A customer walked into the Kadary Bar. He moved over to the counter, and stood near the bartender. "A glass of water, please," he told him.

The bartender looked up from a glass he was polishing. "Oh, hi Jolve," he said. "You want water? No problem. Want me to put it on your tab?"

"No, I'll just pay for it now." Jolve took a meseta out of his pocket and placed it on the bar. The bartender took it, then filled up the now clean glass from a tap with water and placed it in front of Jolve.

"So where have you been the past couple of days?" the bartender said as he put the coin in his cash register. "I was starting to think you were sick."

Jolve shrugged. "Working mostly. The boss just received a new shipment of antidotes at the Supply Store, and he's been keeping me in to take inventory. Did I miss anything interesting around here?"

"Then you haven't heard the news?"

"No, what's been going on?" said Jolve as he raised the glass to his mouth.

"Town Council finally voted. Zio's Church is going to be demolished."

The glass stopped. "Really? When is it due to be destroyed?"

"The job starts tomorrow. I thought you might be interested to know."

"So all the Conservationists lobbying was for nothing?"

"Yeah, sorry about that. Some of them are out by the Church protesting still if you want to join them."

"Nah, what would be the use? I doubt Council is going to change their mind that easily."

"You never know, it might do some good. Anyway..." the bartender carried on delivering the last few days worth of news and gossip. Jolve listened, sipping his water, nodding whenever a question was asked, but he wasn't really paying attention. The bartender was right, the news had been of interest to him. A year back, when Zio's Church had held sway over the town, Jolve had been one of Zio's followers, and was fanatical in his devotion. After Zio's demise, Jolve had been one of the few to remain in Kadary, not having anywhere else to go. The townsfolk had been pretty forgiving towards him, since most of the had been under Zio's control as well. He'd gotten a job as a clerk in the Supply Store, bought himself a small house, and had for the most part been happy, until recently, that is.

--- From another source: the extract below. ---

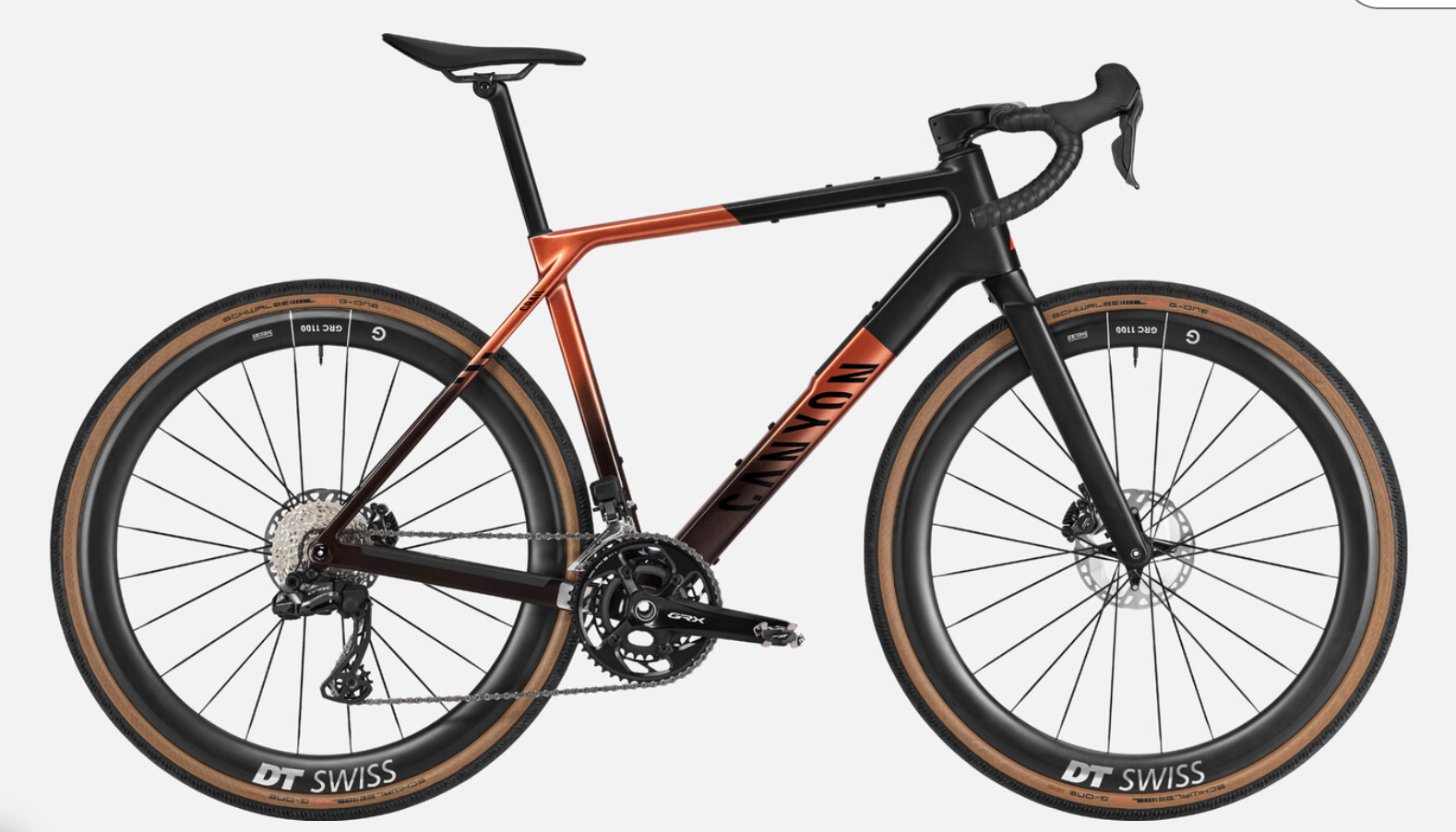 Bici Manubrio Canyon Grail Manubrio Canyon Grail GRAIL CFR Di2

For the past few months several members on the Council had been trying to pass a bill to have the Church of Zio destroyed. Their reasoning was that Kadary no longer needed the Church, but could use the land it was built on. At the same time, a group of citizens calling themselves Conservationists, Jolve among them, had tried to prevent the Church's destruction, saying that the Church should remain as a reminder of what Zio did to both Kadary and Motavia. The Conservationists had had strong backing on the Council, but apparently not enough. Jolve wondered how anyone could want to destroy such a landmark. Had the Council no emotions? For a moment, he actually considered joining the protestors the bartender mentioned, but thought better of it, sinc e it really wouldn't do much good.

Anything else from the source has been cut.